Kebijakan tarif impor tinggi Presiden Amerika Serikat (AS), Donald Trump, mengenakan bea masuk hingga 32% untuk produk ekspor, termasuk minyak sawit mentah (CPO), berpotensi memberikan pukulan keras bagi Indonesia. Petani dan pelaku industri sawit dalam negeri mulai khawatir dengan dampak kebijakan tersebut terhadap harga dan penyerapan tandan buah segar (TBS) dari petani.

Dewan Nasional Serikat Petani Kelapa Sawit (SPKS) melihat tarif tersebut sebagai upaya proteksi ekonomi yang kompleks dan berkaitan dengan kepatuhan negara-negara terhadap regulasi dan jejak produksi (traceability). Dengan ekspor CPO Indonesia ke AS turun 20% pada Januari 2025 dibandingkan Januari tahun sebelumnya, dampak kebijakan tarif mulai dirasakan.

Mansuetus Darto dari SPKS menjelaskan bahwa kebijakan tarif Trump dapat mengganggu perekonomian Indonesia, terutama mengingat pengalaman saat krisis Lehman Brothers tahun 2008 yang membuat harga sawit anjlok drastis. Selain itu, pemerintah Indonesia juga memberlakukan tarif ekspor, seperti Pungutan Ekspor (PE) dan tarif Bea Keluar (BK) sawit, yang dinilai semakin membebani petani dan pelaku usaha sawit di tengah pasar global yang terus menyempit.

Dalam mengatasi situasi ini, Darto menegaskan bahwa kebijakan efisiensi bukanlah solusi jangka panjang. Upaya seperti mengurangi pupuk, jam kerja, dan herbisida hanya akan merugikan produksi dan pelaku usaha. Ia meminta pemerintah aktif melobi pasar baru, memperkuat kepastian hukum, dan menurunkan tarif ekspor untuk mendukung keberlanjutan sektor sawit Indonesia.
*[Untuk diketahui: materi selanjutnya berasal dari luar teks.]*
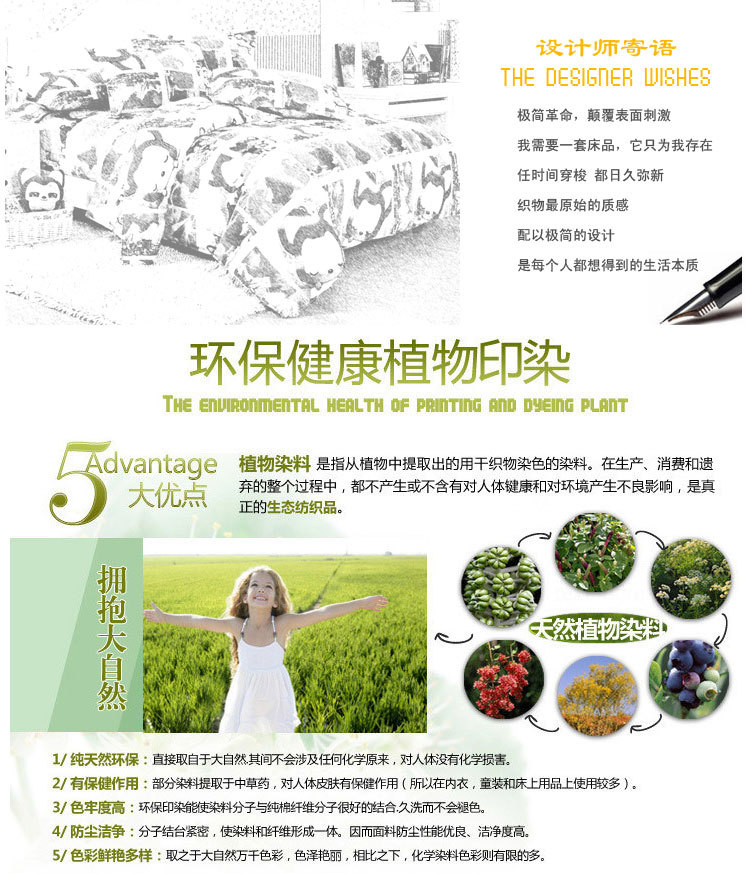 阿狸美丽梦境-枕套_04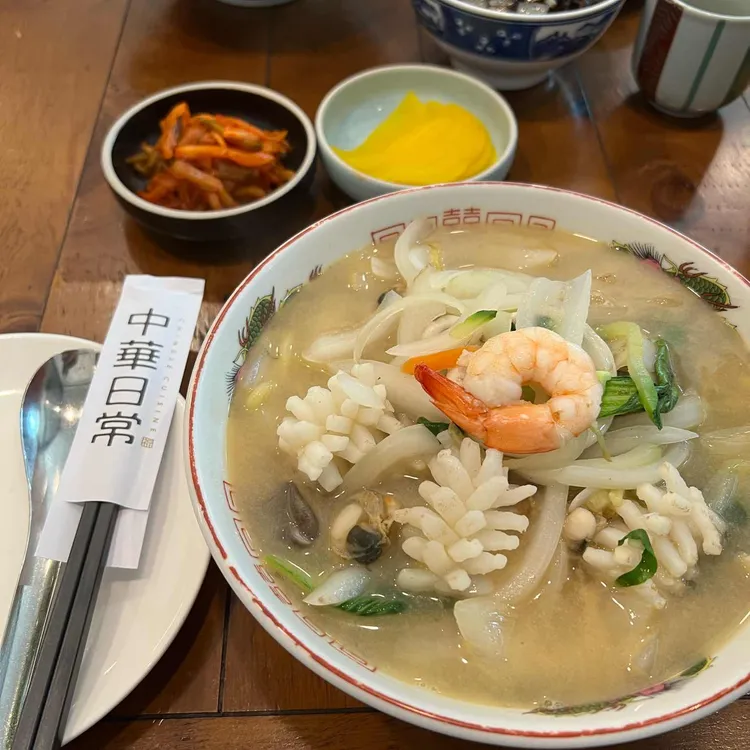 중화일상 사진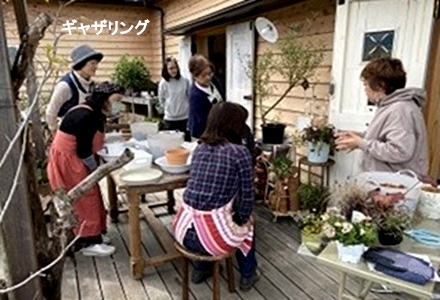 ギャザリング②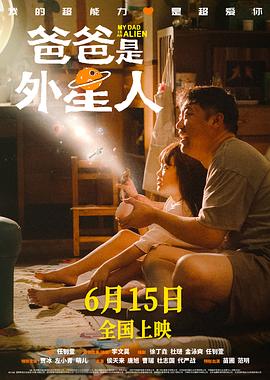杨幂黄色小说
Menyikapi standar keberlanjutan global seperti European Union Deforestation Regulation (EUDR) yang akan berlaku mulai 2026, proses pembenahan regulasi, tata kelola sektor sawit, dan pemberantasan korupsi di dalam negeri juga dianggap penting. Darto menegaskan perlunya badan sawit nasional yang independen untuk memastikan masa depan sawit Indonesia yang lebih baik.